What the task asks - Output the listing below exactly, minus its images.

Available data -
--*--
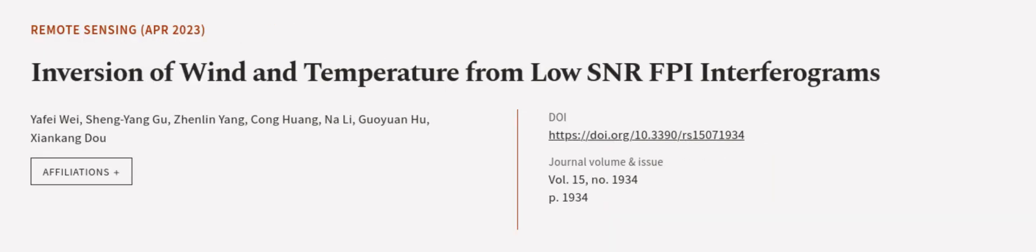This article was authored by Yifei Wei, Shengyang Gu, Zhenlin Yang, and others. We are article.tv, links in the description below.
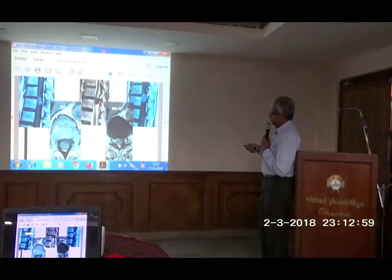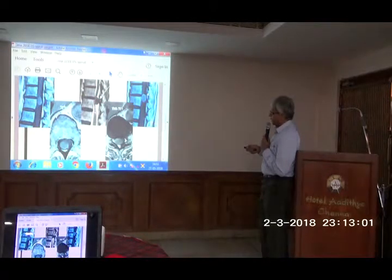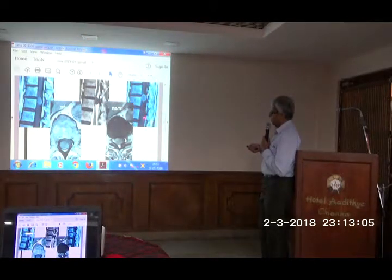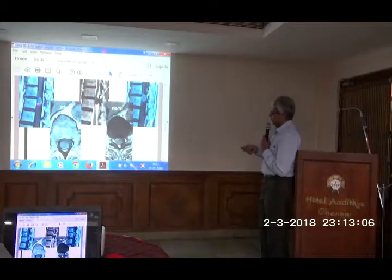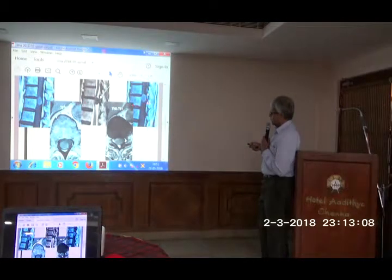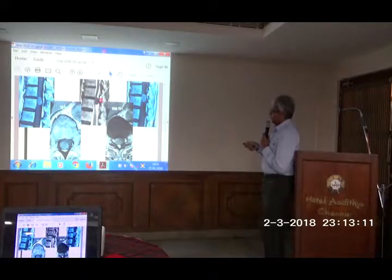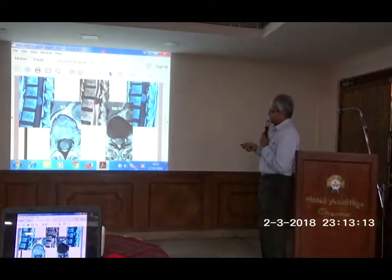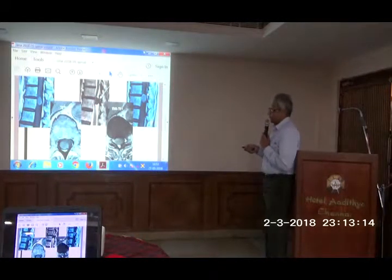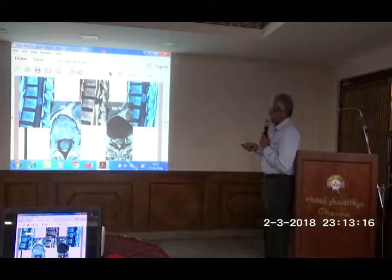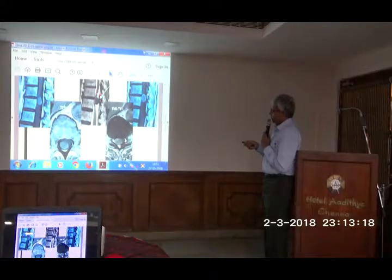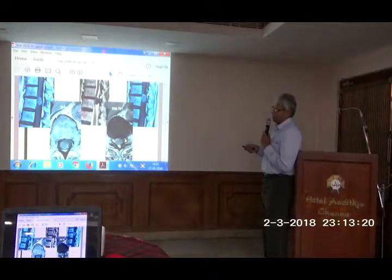Now you are able to clearly see that this black lesion in the T2 image. This is a T1 image — that is without contrast, and this is with IV contrast. Now therefore this lesion is present inside the spinal canal, within the dura, but outside the spinal cord.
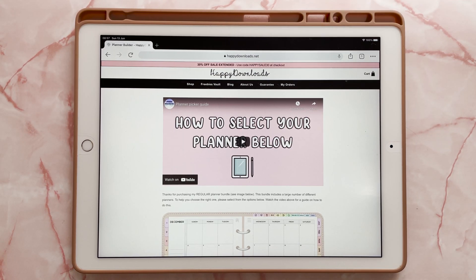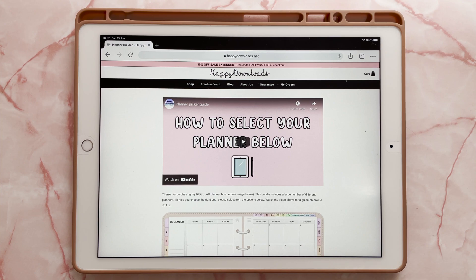Hi there, Dan here. In this video I was just going to go through how to import your planner in Chrome. And I know some users use Chrome rather than Safari, so I just wanted to show how to do this.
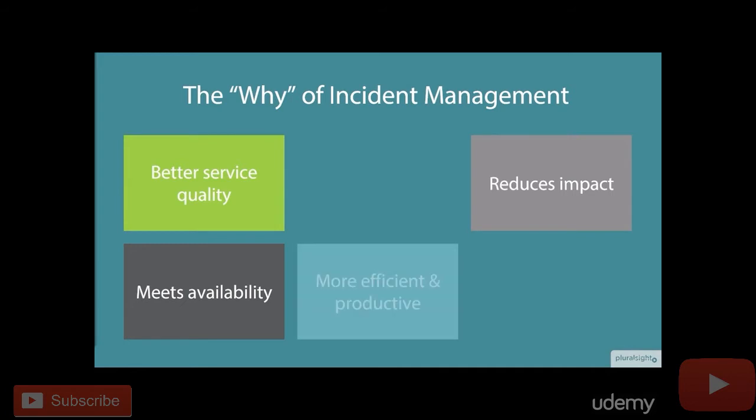It should also help us with being more efficient and productive, meaning our users. Nothing's worse than getting a denial of service attack or causing a server to go down that happens to be your email server. Now you've got everybody in the company not able to be productive or efficient because a service is down — they can't email their customers, they can't respond to anybody.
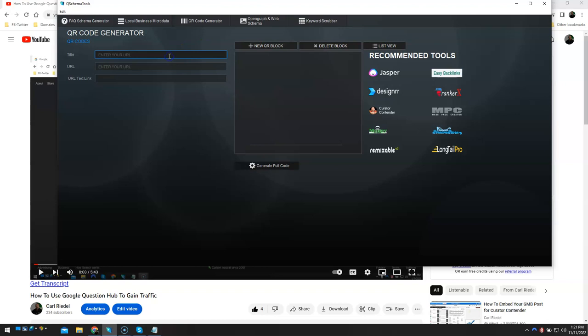So I'm going to call this YouTube Question Hub, just give it a name. I'm going to paste in the URL for that video and then hit generate the full code right there.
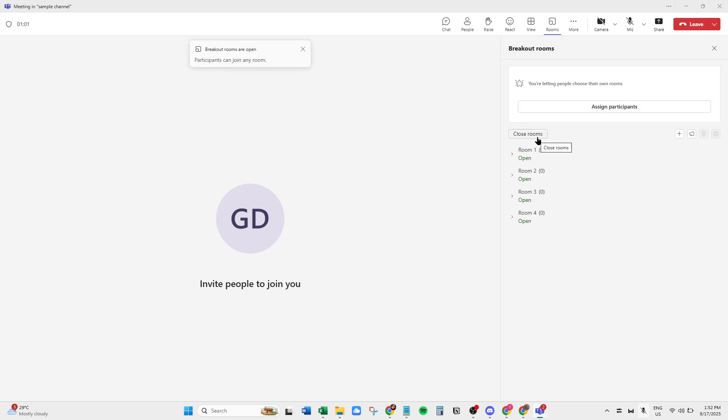Finally, when it's time to wrap up and bring everyone back to the main meeting for a debrief or closing notes, simply click Close Rooms. This will seamlessly bring all participants back to the primary meeting space, allowing you to conclude your session effectively.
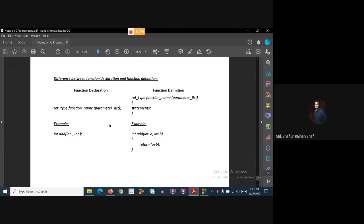Hello there. Welcome to the C Structured Programming Language course. In this tutorial we're going to discuss the difference between function declaration and function definition of a user defined function in C programming language.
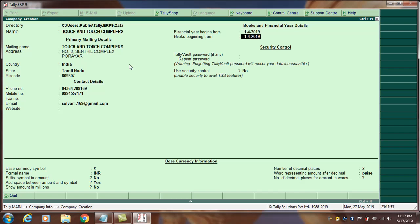Next, set the 'Books Beginning From' date. For example, if the financial year starts 1-4-2019, but voucher entry begins on 1-5-2019, you set the Books Beginning From date to 1-5-2019. This means vouchers entered before that date will not appear. So I will set the Books Beginning From date to 1-5-2019.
--*--
Answer to this problem -
This article was authored by Yifei Wei, Shengyang Gu, Zhenlin Yang, and others. We are article.tv, links in the description below.
Now you are able to clearly see that this black lesion in the T2 image. This is a T1 image — that is without contrast, and this is with IV contrast. Now therefore this lesion is present inside the spinal canal, within the dura, but outside the spinal cord.
Hi there, Dan here. In this video I was just going to go through how to import your planner in Chrome. And I know some users use Chrome rather than Safari, so I just wanted to show how to do this.
It should also help us with being more efficient and productive, meaning our users. Nothing's worse than getting a denial of service attack or causing a server to go down that happens to be your email server. Now you've got everybody in the company not able to be productive or efficient because a service is down — they can't email their customers, they can't respond to anybody.
So I'm going to call this YouTube Question Hub, just give it a name. I'm going to paste in the URL for that video and then hit generate the full code right there.
Finally, when it's time to wrap up and bring everyone back to the main meeting for a debrief or closing notes, simply click Close Rooms. This will seamlessly bring all participants back to the primary meeting space, allowing you to conclude your session effectively.
Hello there. Welcome to the C Structured Programming Language course. In this tutorial we're going to discuss the difference between function declaration and function definition of a user defined function in C programming language.
Next, set the 'Books Beginning From' date. For example, if the financial year starts 1-4-2019, but voucher entry begins on 1-5-2019, you set the Books Beginning From date to 1-5-2019. This means vouchers entered before that date will not appear. So I will set the Books Beginning From date to 1-5-2019.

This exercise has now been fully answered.